**WHAT YOU NEED TO DO**
Pictures should be omitted from your copy. Everything else in the entries below must be restated word for word.

**DATA RECORDS**
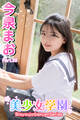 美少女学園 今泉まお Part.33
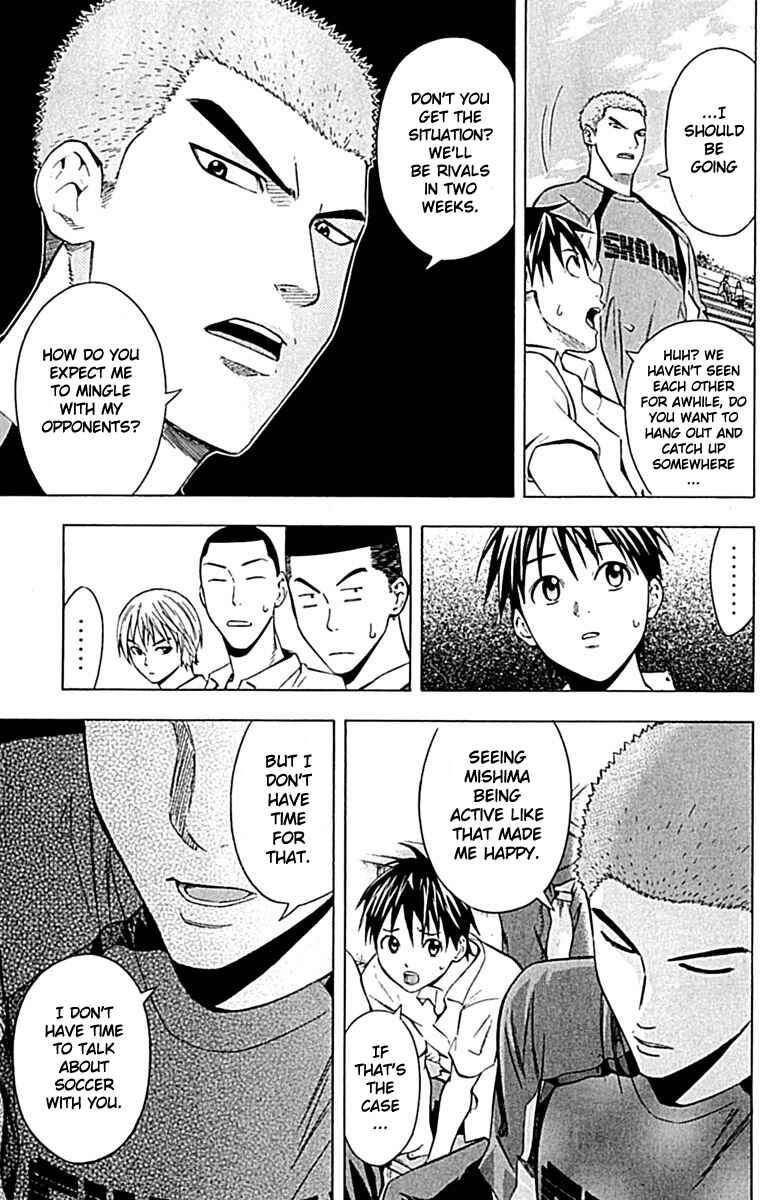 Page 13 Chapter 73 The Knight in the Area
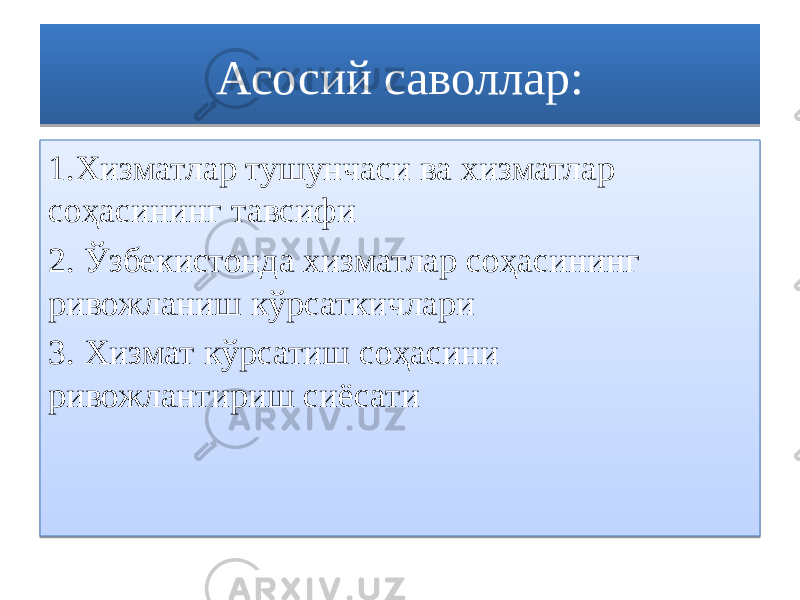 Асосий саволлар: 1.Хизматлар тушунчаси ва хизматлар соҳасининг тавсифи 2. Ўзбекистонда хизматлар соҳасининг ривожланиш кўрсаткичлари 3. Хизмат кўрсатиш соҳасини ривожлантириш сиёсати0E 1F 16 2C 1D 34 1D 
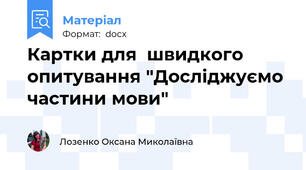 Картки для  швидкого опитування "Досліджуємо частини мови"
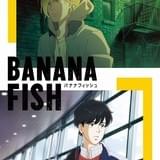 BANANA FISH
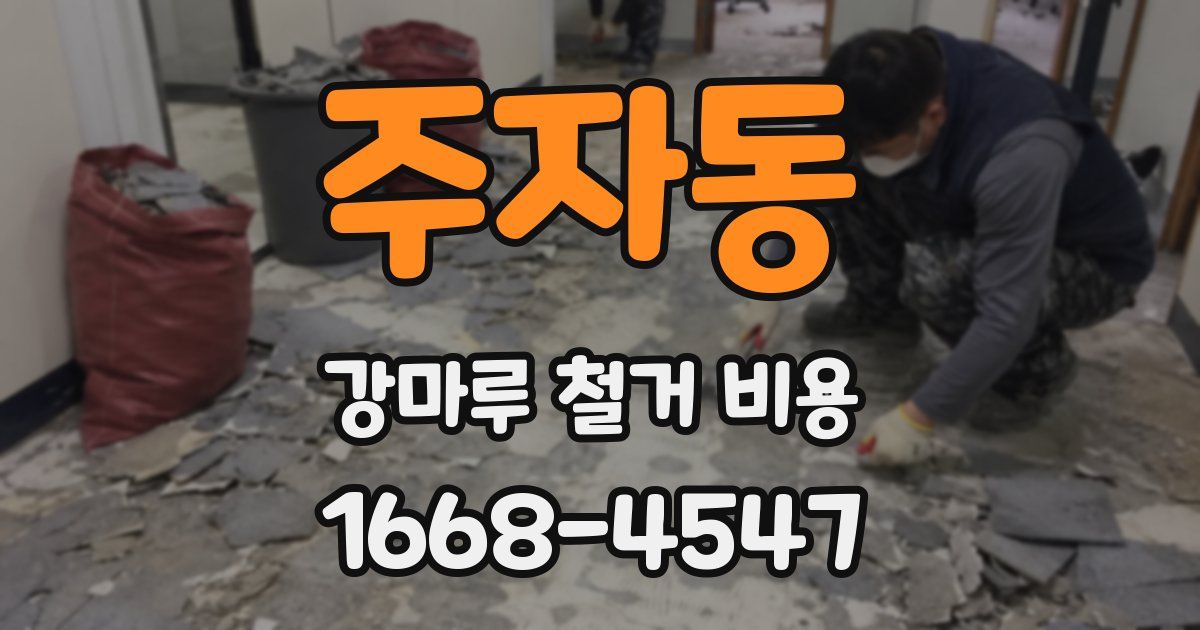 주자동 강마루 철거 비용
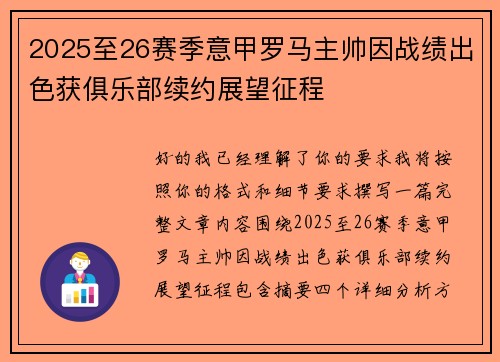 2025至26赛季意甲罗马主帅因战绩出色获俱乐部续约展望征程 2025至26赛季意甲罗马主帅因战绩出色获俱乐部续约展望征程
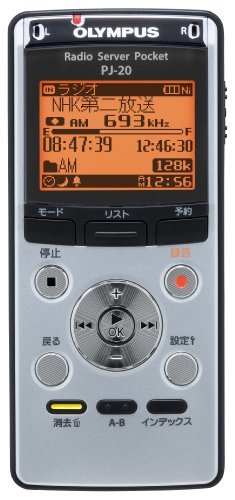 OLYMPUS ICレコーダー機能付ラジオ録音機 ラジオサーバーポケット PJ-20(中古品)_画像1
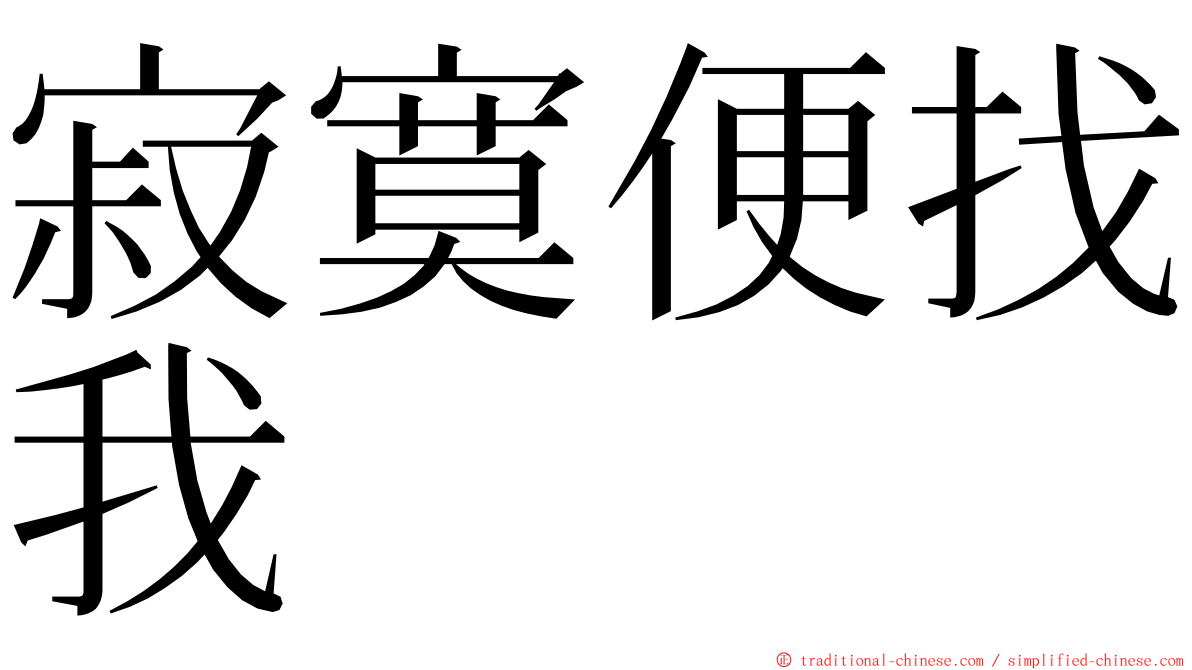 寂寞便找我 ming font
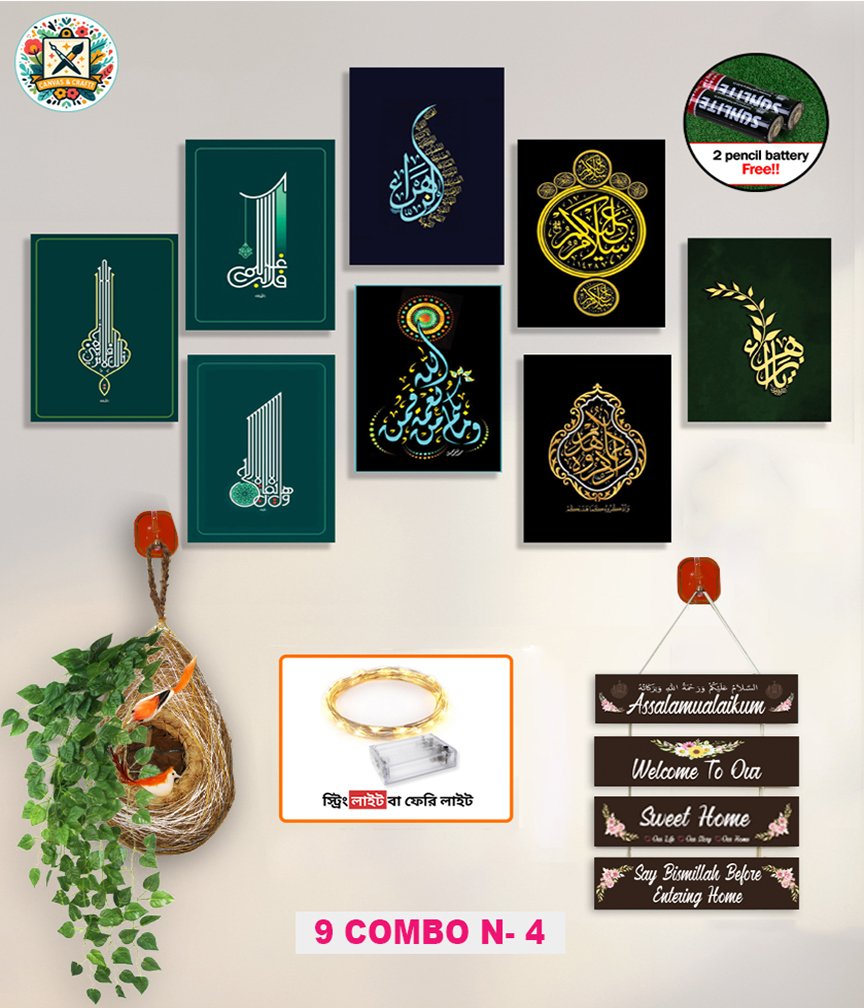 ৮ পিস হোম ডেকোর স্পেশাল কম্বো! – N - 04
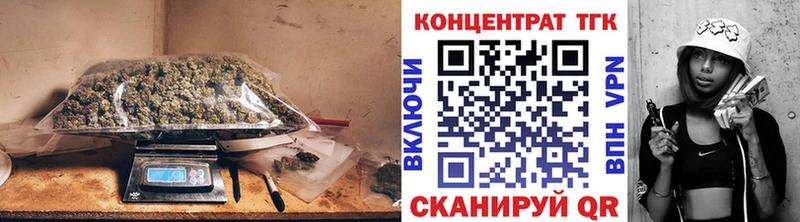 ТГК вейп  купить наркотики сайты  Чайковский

**OUTPUT FOR THIS EXERCISE**
 美少女学園 今泉まお Part.33
 Page 13 Chapter 73 The Knight in the Area
 Асосий саволлар: 1.Хизматлар тушунчаси ва хизматлар соҳасининг тавсифи 2. Ўзбекистонда хизматлар соҳасининг ривожланиш кўрсаткичлари 3. Хизмат кўрсатиш соҳасини ривожлантириш сиёсати0E 1F 16 2C 1D 34 1D 
 Картки для  швидкого опитування "Досліджуємо частини мови"
 BANANA FISH
 주자동 강마루 철거 비용
 2025至26赛季意甲罗马主帅因战绩出色获俱乐部续约展望征程 2025至26赛季意甲罗马主帅因战绩出色获俱乐部续约展望征程
 OLYMPUS ICレコーダー機能付ラジオ録音機 ラジオサーバーポケット PJ-20(中古品)_画像1
 寂寞便找我 ming font
 ৮ পিস হোম ডেকোর স্পেশাল কম্বো! – N - 04
 ТГК вейп  купить наркотики сайты  Чайковский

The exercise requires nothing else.